A produção de móveis no Brasil foi impulsionada especialmente pela arquitetura —é de 1939 o pavilhão brasileiro projetado por Oscar Niemeyer e Lúcio Costa para a Feira Mundial de Nova York, que se tornou um marco do traço modernista brasileiro. Há nesse momento uma necessidade de ter móveis condizentes com essa modernidade, explica Livia Debbane, organizadora do livro “Boa Forma Gute Form: Design no Brasil 1947-68” e uma das consultoras do comitê da exposição do MoMA. Brasília, expressão máxima dessa ambição arquitetônica, foi mais um impulso nesse cenário.

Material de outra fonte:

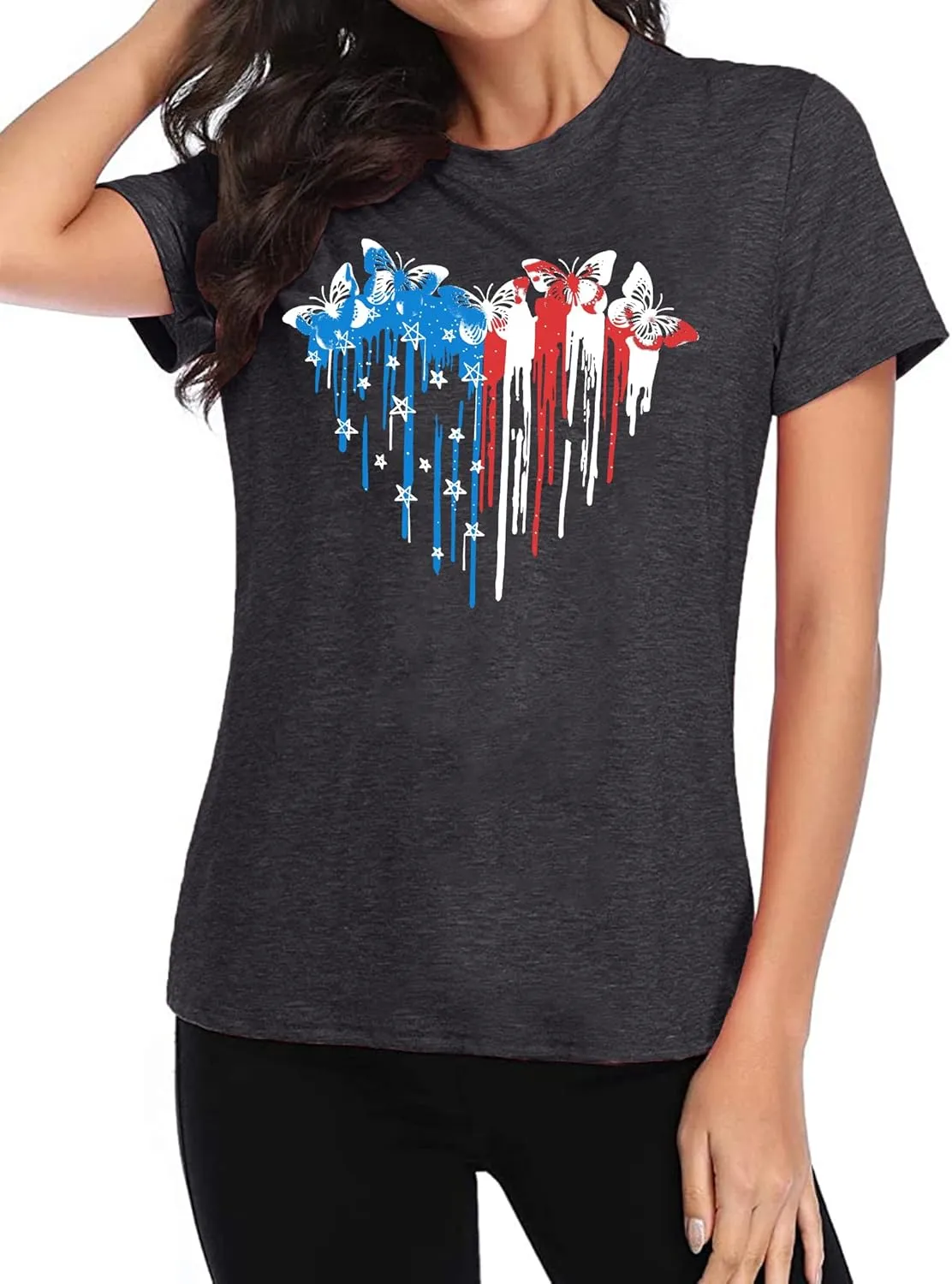 VVNTY American Flag Heart Shirt Women Patriotic T-Shirt 4th of July Graphic Tees Shirts USA Flag Star Stripe Tops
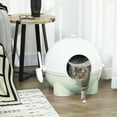 thumbnail image 6 of PawHut Hooded Cat Litter Box, Large Kitty Litter Pan with Lid, Scoop, Leaking Sand Pedal, Top Handle, Light Green, 6 of 9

Mas havia, sobretudo, um entusiasmo no ar. “Era um momento excitante para os brasileiros. Os anos 50, na música, no teatro etc, foram anos de ouro. Existia um projeto comum no país”, explica. “E esse design não era só feito por designers: era feito por arquitetos, artistas. As profissões ainda estavam se desenhando.”

Essa agitação é a tônica dos países apresentados na mostra, que buscavam um senso de identidade nacional nesses objetos. Segundo Mallet, a modernidade latino-americana sempre esteve atravessada por tensões.

No Chile do governo de Salvador Allende, um novo design emergiu para construir também a cara de uma sociedade socialista. Gui Bonsiepe liderou uma equipe que desenvolveu objetos para o dia a dia desta nova nação, como cadeiras escolares coloridas cujas réplicas estão no museu. A utopia só durou três anos e foi interrompida abruptamente por um golpe de estado.

No arco de quatro décadas em que se tentou construir nações entre o passado e o futuro, a América Latina também teve seus planos sequestrados por projetos autoritários. Existe design em tudo, dizia Clara Porset. E, na América Latina, esse tudo comporta em si também as tensões inconciliáveis.